SOURCE MATERIAL: Begin
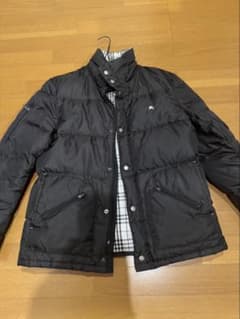⭐︎美品⭐︎バーバリーブラックレーベル ホースロゴ ノバチェック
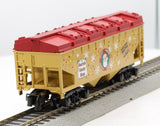 American Flyer 6-48632 ChristmasHopper S Scale Like New
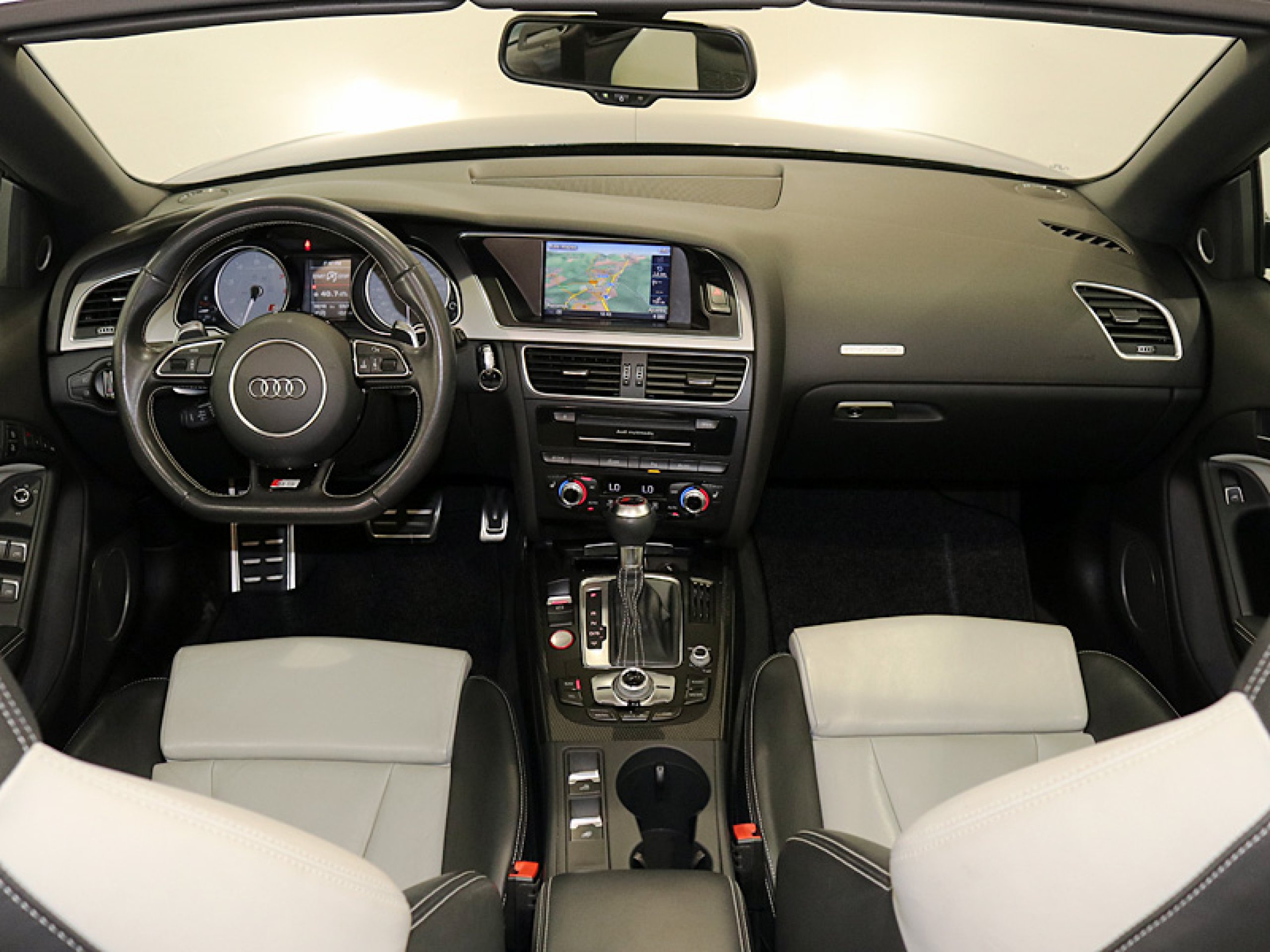 Foto Audi S5 32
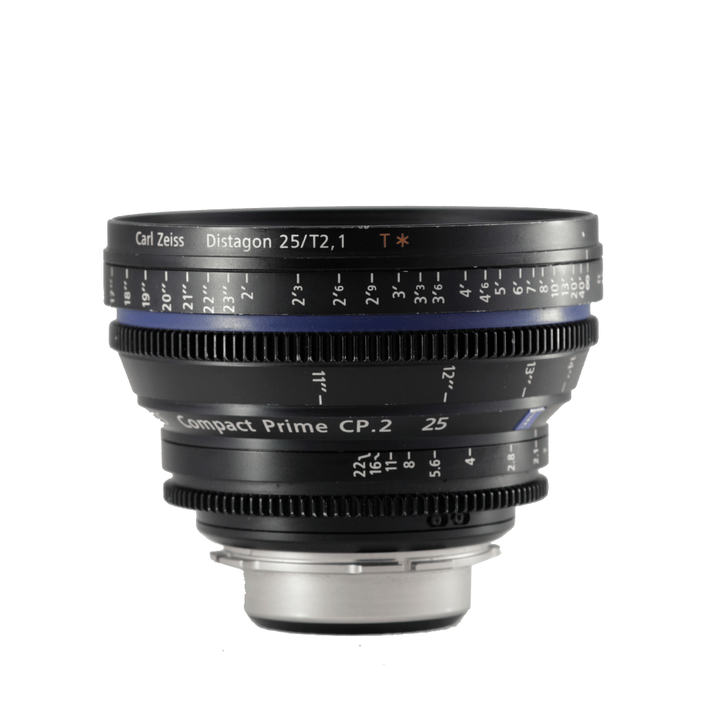 Lentes Zeiss CP.2 galería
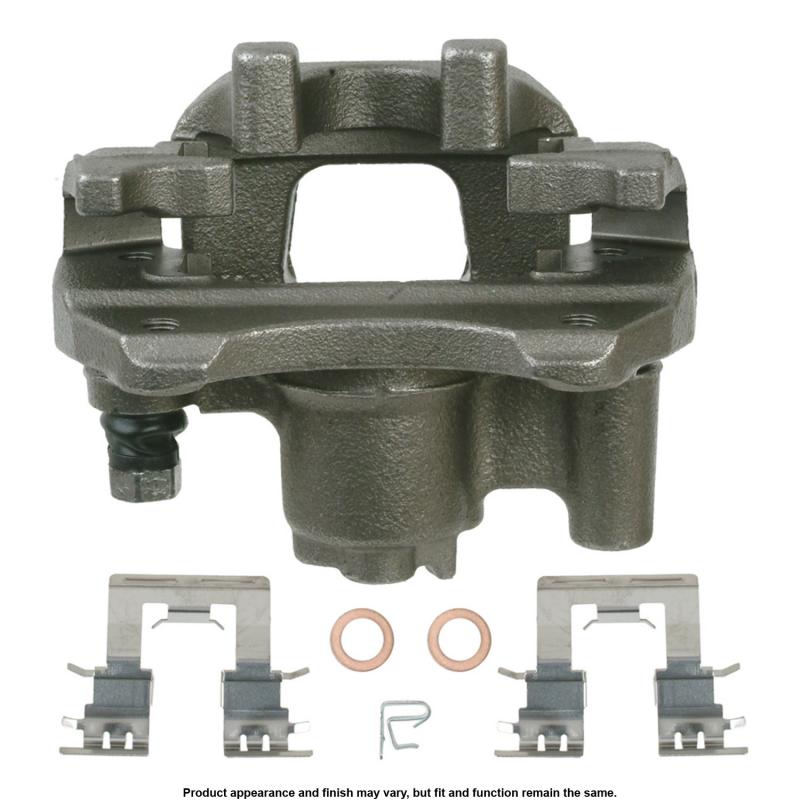 2002 Toyota Highlander Disc Brake Caliper Rear Right A1 Cardone 19B2684A image 3 of 4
SOURCE MATERIAL: End
→ WORK ORDER: Leave out the images and copy every record above exactly.

→ ANSWER FOR THIS EXERCISE:
⭐︎美品⭐︎バーバリーブラックレーベル ホースロゴ ノバチェック
 American Flyer 6-48632 ChristmasHopper S Scale Like New
 Foto Audi S5 32
 Lentes Zeiss CP.2 galería
 2002 Toyota Highlander Disc Brake Caliper Rear Right A1 Cardone 19B2684A image 3 of 4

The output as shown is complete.